*** Recorded data ***
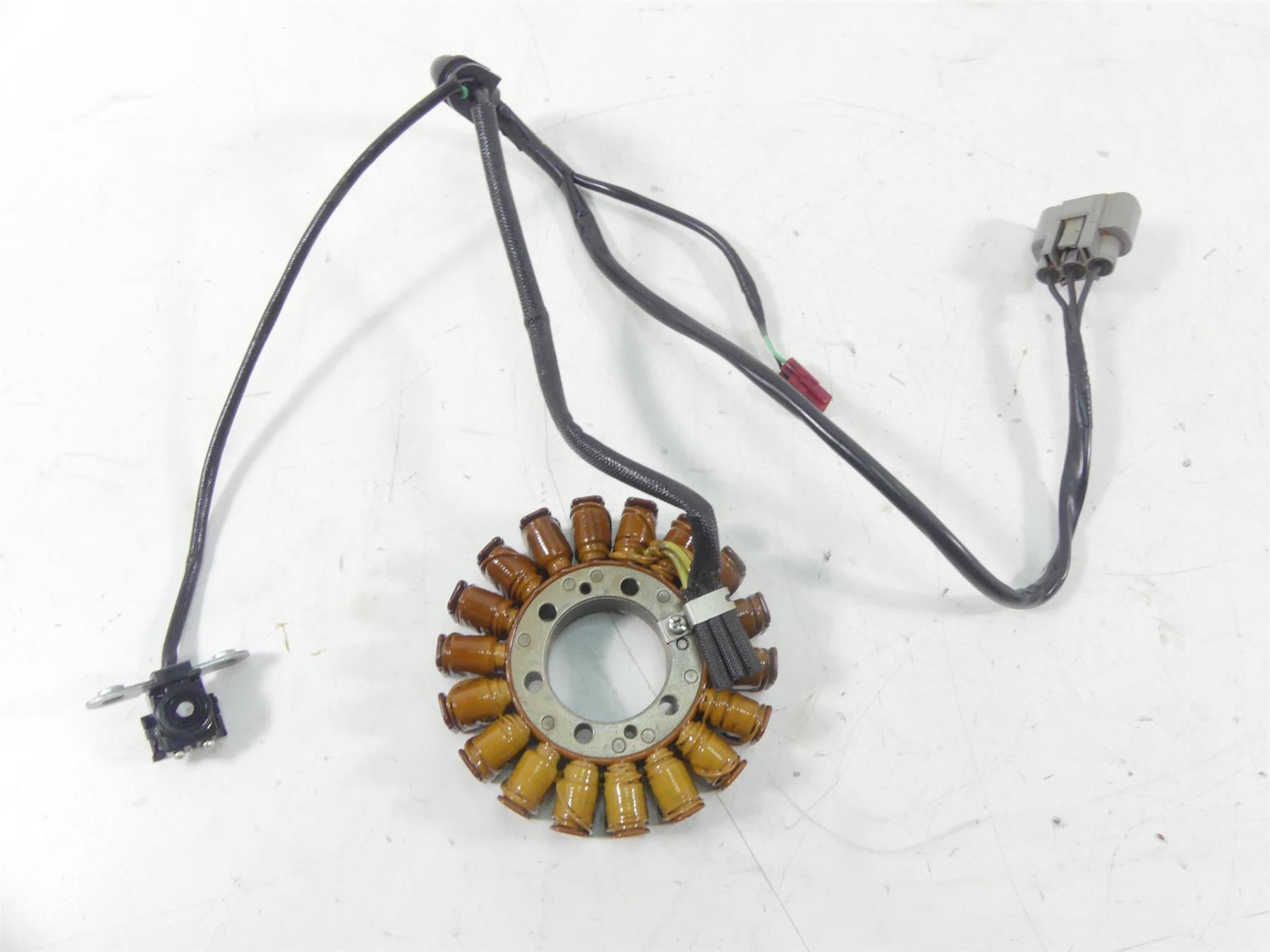 2019 Triumph Street Triple 765R Ignition Alternator Generator Stator T1300205 {{ shop.shopifyCountryName }} - Mototech271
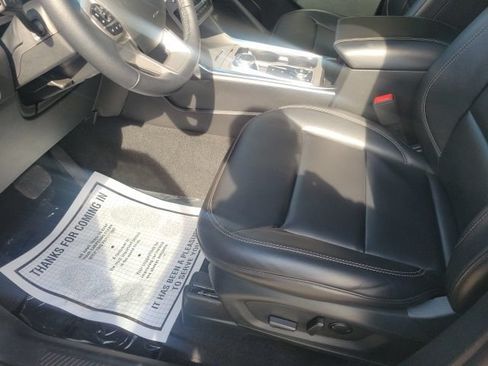 Used 2024 Ford Explorer XLT w/ Equipment Group 202A AWD/4WD image 18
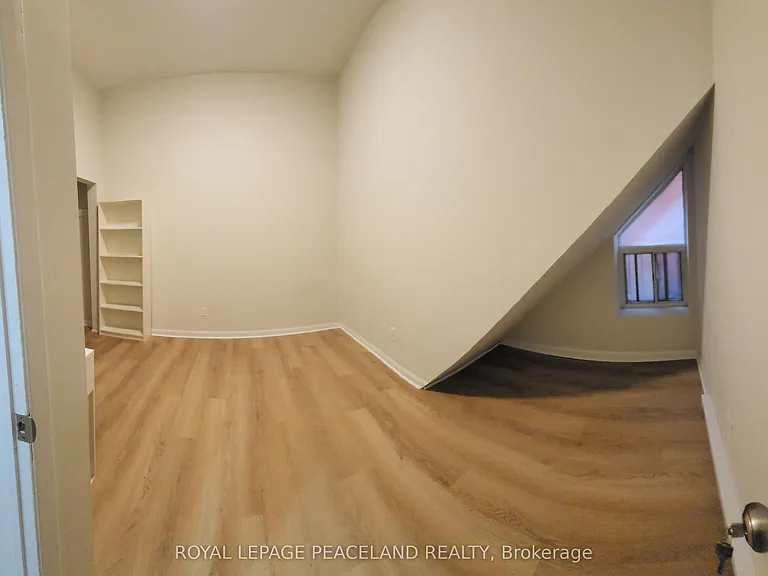 558 Spadina Cres #1 — Photo 5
*** End of Recorded data ***
▶ [What to work on]:
Your copy must begin at the line containing "Used 2024 Ford" and end at the last line of the material above. Reproduce each line exactly, but not the pictures.

▶ [Answer to the problem]:
 Used 2024 Ford Explorer XLT w/ Equipment Group 202A AWD/4WD image 18
 558 Spadina Cres #1 — Photo 5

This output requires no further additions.